WHAT IS BEING ASKED – After reading the data below, copy out every line that contains the word "Treatment".

====== SOURCE MATERIAL ======

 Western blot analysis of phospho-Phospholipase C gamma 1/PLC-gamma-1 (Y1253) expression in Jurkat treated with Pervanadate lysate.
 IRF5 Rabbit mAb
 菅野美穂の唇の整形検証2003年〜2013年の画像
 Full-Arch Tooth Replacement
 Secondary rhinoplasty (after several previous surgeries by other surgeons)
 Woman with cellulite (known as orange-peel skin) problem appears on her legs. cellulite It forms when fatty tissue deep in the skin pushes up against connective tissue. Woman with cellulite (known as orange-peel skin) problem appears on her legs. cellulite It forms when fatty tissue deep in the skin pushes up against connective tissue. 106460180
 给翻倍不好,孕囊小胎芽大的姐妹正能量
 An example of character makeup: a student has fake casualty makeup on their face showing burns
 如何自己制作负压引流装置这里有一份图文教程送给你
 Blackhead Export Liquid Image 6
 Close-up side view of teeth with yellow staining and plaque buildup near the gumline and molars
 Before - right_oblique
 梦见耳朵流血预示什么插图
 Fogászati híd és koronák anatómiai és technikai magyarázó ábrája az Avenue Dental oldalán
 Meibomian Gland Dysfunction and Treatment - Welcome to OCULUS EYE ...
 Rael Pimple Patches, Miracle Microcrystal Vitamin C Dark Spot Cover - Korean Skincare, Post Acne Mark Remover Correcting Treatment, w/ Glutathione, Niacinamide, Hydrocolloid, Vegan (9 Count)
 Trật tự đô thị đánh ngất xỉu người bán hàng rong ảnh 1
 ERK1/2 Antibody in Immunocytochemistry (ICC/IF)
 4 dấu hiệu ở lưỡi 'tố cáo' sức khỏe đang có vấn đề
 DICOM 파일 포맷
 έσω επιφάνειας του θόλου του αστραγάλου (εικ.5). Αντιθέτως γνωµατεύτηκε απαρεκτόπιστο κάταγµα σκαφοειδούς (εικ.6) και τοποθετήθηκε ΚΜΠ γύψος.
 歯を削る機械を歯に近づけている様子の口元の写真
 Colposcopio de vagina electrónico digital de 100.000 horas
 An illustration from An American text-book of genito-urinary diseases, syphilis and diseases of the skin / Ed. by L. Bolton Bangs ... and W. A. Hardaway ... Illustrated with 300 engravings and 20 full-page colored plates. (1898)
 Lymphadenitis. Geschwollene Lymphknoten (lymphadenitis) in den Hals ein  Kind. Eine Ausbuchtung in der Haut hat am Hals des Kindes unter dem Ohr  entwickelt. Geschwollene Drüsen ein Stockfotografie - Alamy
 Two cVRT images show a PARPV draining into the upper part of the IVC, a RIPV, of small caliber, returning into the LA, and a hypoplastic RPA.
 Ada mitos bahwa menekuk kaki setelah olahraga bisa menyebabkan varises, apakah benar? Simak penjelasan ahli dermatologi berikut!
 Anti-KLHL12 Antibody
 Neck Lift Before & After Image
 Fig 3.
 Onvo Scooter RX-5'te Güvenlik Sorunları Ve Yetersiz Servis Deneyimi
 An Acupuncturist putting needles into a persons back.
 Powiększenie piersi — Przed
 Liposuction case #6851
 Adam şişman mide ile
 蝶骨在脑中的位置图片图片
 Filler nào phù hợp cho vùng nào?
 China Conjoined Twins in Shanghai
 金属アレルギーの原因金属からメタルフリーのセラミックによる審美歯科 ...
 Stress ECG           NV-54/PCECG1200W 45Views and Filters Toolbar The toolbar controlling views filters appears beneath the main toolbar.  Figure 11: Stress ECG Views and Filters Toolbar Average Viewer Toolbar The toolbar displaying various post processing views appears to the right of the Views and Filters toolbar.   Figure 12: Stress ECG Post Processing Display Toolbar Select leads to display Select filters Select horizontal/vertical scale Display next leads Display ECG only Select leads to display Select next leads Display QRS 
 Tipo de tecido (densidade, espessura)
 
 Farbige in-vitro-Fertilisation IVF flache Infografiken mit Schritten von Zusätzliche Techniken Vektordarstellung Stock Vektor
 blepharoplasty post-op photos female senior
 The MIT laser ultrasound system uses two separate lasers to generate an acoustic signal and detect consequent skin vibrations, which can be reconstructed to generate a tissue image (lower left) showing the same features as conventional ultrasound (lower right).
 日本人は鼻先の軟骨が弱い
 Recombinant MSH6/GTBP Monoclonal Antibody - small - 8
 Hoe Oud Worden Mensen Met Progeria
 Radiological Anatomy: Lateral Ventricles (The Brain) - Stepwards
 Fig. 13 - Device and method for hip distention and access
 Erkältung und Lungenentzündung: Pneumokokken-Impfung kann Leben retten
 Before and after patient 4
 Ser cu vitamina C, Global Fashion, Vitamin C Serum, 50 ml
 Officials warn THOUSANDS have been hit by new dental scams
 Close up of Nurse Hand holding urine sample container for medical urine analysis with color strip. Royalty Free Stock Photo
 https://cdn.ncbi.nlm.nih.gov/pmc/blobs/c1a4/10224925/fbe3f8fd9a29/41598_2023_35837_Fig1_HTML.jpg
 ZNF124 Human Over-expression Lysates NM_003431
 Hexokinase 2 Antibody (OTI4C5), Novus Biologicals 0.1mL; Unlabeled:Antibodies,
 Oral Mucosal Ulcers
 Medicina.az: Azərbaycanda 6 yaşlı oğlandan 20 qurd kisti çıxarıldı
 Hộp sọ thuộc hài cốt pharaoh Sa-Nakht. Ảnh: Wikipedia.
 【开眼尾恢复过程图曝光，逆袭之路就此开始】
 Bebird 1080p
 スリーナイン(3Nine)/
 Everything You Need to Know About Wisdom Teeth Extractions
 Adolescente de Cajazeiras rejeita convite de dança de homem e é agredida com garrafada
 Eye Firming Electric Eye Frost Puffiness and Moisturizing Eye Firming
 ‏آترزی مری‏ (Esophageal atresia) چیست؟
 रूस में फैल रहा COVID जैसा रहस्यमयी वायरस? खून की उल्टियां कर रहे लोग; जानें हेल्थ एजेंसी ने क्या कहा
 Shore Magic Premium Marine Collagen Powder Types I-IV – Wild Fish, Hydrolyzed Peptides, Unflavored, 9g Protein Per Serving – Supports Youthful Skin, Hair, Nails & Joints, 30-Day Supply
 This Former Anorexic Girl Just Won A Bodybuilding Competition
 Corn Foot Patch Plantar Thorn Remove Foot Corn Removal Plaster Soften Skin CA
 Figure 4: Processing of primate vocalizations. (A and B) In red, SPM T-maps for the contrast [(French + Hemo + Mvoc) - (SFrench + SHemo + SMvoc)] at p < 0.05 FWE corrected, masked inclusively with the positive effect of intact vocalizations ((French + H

======

TASK ANSWER –
 Meibomian Gland Dysfunction and Treatment - Welcome to OCULUS EYE ...
 Rael Pimple Patches, Miracle Microcrystal Vitamin C Dark Spot Cover - Korean Skincare, Post Acne Mark Remover Correcting Treatment, w/ Glutathione, Niacinamide, Hydrocolloid, Vegan (9 Count)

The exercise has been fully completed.